Sampling Distribution is Fundamental to Inferential Statistics

The concept of "Sampling Distribution" is fundamental to inferential statistics. While the definition is straightforward ("A sampling distribution is the distribution of a statistic."), I always found it difficult to help students learn its utility in inferential statistics.

I've implemented Monte Carlo techniques to generate multiple samples to create the distribution of "a statistic" illustrating the way sampling distributions are used to make inferential decisions. The first block on this page describes one of the examples I have created.
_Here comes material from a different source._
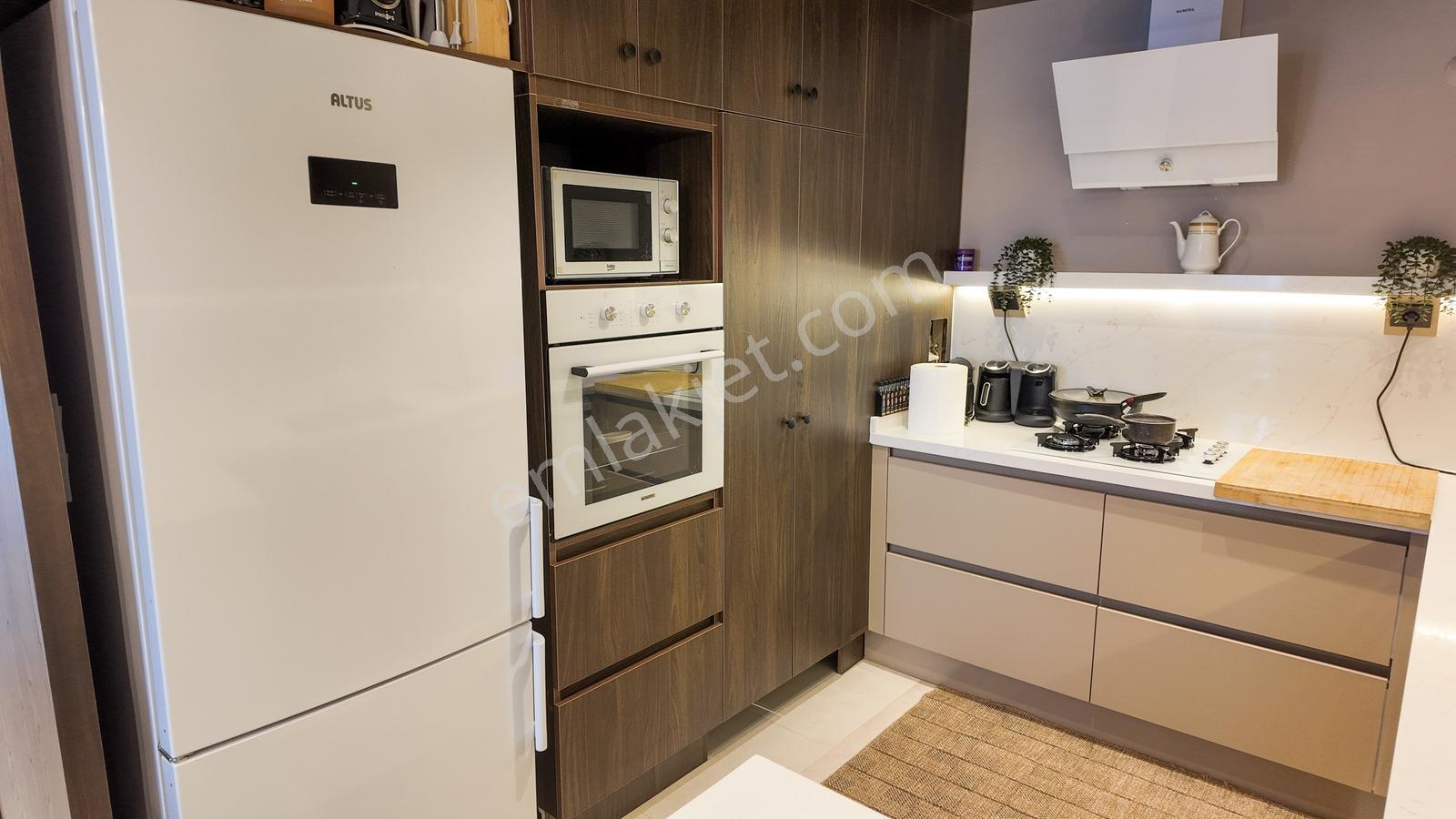 Şehrin Merkezinde Kolejler Bölgesinde 6+1 Lüx Villa - Görsel 11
The pages linked to the choices to the left describe the teaching tools available to help students understand some of the typical ways sampling distributions are used to make statistical decisions. Many of the links use screen captured videos and animations to recreate the experience the student has using the software--or the instructor using the software as a lecture-enhancing presentation tool.

Link in this site
Link on related site

Click here to open a page of full-sized card images

Examples of the Use of Sampling Distributions:

Hypothesis Testing Model of Inferential Statistics:
Illustrated with the One-Sample t-Test

Cavanagh (1972) reports Immediate Memory Span for digits is 7.7 items. I measure digit span in my introductory experimental psychology class every semester. Typically the digit span for 20 students is about 7.4 items. Is this evidence the digit span for my students is different from that reported by Cavanagh? (From data I have collected I estimate the standard deviation of digit span is about 1 item--an important value for the simulation of the sampling distribution.)

Cavanagh, J.P. (1972). Relation between IMS and the memory search rate. Psycholological Review, 79, 525-530.

Assume the null hypothesis is true (Ho: µ = 7.7) [Green Distribution]

  • Setup and run the simulation for about 1,000 times.
  • Each replication simulates a data set of 20 observations drawn from the N(7.7, 1.0) population.
  • Calculate the value of t for each replication and plot that value in a histogram
  • There's a Type-I error rate off 5.45%

Assume Ho is false in a particular way (µ = 7.4) [Blue Distribution]

  • Assume the mean digit span of my students is really 6.4 items.
  • Draw 1,000 or so samples of n 20 from the N(7.4,1.0) population.
  • Calculate the value of t for each replication and plot that value in a histogram.
  • Only 24.2% of the replications lead to rejecting Ho.

The simulation illustrates I have only 1 chance in 4 of showing my students have a shorter digit span than Cavanagh reports even if the mean digit span is less than 7.7 (and actually 7.4).

How large a class would I have to have to have a 50% chance of rejecting Ho if the true mean really is 7.4 items? Samples of size 50 yielded a power of 46% (806 replications). If the true standard deviation were 1.5 items, samples of size 50 provide a power of only about 0.25.


Hypothesis Testing Model of Inferential Statistis:
Illustrated with the Analysis of Variance

This card displays the result of an interactive simulation of the results of a one-way ANOVA. What values of F would occur if the Ho were true? What values of F would occur if the Ho were false (in a particular way)?

This simulation is not built around a particular research question. Instead, the "Ho False" sampling distribution is specified in terms of "Small", "Medium", "Large", and "Very Large" effects.

This simulation shows the results of 1001 replications of data sampled from the situation where Ho is true and 3001 where the Ho was false (again, in a particular way).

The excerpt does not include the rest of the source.